WHAT YOU NEED TO DO = How many lines in the records below contain the word "dryer"? Reply with that number only.

Recorded data =

+===+

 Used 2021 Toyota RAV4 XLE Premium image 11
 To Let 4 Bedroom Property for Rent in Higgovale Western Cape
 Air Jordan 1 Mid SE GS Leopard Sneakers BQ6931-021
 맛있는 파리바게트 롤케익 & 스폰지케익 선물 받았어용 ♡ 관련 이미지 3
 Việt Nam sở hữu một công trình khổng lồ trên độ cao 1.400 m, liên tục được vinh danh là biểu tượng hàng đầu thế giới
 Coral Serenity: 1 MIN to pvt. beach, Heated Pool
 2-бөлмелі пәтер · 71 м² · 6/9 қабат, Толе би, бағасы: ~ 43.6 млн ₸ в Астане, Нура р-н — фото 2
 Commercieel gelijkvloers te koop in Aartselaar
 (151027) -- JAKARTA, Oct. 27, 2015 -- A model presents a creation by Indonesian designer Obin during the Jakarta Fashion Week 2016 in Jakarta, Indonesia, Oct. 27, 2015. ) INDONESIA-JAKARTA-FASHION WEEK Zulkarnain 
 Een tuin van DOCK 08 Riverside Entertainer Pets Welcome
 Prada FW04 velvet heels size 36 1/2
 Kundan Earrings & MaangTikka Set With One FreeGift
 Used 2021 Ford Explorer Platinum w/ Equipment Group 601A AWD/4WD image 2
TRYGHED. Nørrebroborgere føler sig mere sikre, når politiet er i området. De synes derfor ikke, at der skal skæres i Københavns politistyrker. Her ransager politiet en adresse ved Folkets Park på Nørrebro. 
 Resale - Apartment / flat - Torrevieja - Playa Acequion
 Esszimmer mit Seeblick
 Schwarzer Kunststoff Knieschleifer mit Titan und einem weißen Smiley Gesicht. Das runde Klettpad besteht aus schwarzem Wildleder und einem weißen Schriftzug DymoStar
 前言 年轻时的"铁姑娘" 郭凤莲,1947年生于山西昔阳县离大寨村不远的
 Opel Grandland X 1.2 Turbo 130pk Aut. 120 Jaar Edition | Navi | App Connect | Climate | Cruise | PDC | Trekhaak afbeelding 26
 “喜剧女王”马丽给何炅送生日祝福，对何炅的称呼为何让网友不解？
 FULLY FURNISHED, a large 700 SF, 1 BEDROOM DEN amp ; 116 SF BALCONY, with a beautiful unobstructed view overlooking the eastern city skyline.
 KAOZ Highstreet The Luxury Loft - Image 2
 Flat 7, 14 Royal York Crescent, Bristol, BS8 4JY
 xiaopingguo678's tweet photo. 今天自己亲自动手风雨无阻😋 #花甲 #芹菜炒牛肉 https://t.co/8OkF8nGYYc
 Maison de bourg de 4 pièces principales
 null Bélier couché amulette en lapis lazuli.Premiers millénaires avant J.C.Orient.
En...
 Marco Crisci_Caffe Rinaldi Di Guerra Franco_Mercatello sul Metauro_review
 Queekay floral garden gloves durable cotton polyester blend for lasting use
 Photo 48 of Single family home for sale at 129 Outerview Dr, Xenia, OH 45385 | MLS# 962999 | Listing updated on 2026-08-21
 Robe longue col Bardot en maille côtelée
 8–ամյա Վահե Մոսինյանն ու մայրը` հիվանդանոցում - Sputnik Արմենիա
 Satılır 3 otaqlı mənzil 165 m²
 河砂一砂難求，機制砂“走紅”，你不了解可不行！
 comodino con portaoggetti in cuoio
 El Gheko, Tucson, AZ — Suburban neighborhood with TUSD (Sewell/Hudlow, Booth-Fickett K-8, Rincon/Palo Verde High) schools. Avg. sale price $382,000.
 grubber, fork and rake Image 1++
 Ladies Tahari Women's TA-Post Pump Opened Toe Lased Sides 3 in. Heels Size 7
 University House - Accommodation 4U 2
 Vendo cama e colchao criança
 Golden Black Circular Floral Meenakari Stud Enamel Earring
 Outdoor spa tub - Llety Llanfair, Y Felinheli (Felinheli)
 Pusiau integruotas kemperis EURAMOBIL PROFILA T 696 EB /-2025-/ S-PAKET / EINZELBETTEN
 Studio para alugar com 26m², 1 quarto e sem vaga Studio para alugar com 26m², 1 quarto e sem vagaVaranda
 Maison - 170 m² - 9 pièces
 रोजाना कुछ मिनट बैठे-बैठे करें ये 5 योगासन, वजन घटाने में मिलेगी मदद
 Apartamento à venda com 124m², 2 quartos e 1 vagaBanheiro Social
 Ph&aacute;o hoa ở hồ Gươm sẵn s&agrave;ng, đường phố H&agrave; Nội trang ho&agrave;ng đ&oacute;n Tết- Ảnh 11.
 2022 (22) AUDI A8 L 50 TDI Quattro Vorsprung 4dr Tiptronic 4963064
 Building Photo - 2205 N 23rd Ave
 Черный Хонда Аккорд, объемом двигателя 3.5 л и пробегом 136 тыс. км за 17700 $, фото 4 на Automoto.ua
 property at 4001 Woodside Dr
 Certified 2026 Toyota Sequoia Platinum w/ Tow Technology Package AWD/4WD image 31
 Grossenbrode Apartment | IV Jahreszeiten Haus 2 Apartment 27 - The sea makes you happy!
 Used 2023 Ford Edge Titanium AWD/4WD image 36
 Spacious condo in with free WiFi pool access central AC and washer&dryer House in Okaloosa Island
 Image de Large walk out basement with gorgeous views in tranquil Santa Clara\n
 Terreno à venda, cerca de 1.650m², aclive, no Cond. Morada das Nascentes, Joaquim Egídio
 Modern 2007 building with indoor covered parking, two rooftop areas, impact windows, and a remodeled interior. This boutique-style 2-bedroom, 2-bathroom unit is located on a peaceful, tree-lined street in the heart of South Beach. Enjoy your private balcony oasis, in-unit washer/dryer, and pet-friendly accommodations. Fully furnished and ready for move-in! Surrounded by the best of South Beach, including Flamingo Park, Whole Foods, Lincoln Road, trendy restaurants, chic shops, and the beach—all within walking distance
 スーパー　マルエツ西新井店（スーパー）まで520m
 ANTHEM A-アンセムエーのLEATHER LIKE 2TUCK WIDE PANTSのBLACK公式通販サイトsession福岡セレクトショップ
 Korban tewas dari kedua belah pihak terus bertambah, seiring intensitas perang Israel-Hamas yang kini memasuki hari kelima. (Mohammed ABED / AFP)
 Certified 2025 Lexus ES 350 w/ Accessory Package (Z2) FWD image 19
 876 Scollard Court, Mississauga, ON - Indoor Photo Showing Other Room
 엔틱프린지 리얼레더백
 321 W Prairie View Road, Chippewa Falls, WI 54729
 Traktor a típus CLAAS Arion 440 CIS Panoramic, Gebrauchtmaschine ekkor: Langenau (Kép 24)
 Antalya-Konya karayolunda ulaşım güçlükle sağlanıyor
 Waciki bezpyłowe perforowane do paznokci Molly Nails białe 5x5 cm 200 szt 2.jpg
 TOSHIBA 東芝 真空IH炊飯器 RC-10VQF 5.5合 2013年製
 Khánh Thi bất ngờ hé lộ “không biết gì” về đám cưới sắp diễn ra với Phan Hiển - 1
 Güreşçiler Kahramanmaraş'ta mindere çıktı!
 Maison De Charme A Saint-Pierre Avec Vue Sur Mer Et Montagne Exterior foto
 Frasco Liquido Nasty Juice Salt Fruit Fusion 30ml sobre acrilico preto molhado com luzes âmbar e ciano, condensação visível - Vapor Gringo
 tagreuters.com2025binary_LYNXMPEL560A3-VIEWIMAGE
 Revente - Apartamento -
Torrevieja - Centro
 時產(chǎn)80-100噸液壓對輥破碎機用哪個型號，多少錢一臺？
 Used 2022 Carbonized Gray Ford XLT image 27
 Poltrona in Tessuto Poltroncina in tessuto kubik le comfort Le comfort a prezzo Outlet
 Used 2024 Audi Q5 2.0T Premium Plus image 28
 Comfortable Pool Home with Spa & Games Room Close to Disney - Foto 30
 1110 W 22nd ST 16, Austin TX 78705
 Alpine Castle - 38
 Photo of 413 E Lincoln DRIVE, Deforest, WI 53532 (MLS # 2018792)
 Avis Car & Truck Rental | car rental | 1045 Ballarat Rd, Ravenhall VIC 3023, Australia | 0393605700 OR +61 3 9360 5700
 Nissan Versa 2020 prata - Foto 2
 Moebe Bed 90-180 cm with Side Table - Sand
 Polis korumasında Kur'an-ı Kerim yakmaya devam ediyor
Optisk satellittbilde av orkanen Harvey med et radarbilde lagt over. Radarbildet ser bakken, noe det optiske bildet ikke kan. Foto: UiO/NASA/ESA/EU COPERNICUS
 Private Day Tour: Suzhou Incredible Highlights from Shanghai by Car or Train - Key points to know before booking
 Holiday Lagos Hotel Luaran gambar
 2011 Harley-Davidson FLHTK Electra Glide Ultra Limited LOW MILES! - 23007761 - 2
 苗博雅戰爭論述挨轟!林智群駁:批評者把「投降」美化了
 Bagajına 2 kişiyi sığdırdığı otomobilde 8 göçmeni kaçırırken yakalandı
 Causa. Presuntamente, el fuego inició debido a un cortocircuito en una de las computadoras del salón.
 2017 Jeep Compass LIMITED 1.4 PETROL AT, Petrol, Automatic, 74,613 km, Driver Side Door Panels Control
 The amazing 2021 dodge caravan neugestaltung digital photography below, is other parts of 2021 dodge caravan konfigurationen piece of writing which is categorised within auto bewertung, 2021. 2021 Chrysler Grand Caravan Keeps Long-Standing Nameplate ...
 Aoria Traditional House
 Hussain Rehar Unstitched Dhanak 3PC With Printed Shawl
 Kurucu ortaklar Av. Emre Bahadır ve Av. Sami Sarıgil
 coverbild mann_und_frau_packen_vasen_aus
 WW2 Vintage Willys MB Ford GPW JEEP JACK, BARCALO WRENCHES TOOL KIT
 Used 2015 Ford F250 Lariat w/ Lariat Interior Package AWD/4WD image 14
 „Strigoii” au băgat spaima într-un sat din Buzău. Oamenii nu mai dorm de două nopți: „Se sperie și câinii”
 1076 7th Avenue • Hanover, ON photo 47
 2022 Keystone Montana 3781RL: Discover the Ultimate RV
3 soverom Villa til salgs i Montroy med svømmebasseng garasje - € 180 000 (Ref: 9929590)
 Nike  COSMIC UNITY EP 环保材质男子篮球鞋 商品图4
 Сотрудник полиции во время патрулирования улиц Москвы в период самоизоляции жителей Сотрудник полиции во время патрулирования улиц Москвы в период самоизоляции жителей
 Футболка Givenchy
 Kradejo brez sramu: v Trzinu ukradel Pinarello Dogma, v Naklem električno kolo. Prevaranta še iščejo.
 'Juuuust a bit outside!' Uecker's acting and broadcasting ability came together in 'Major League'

+===+

OUTPUT BELOW = 2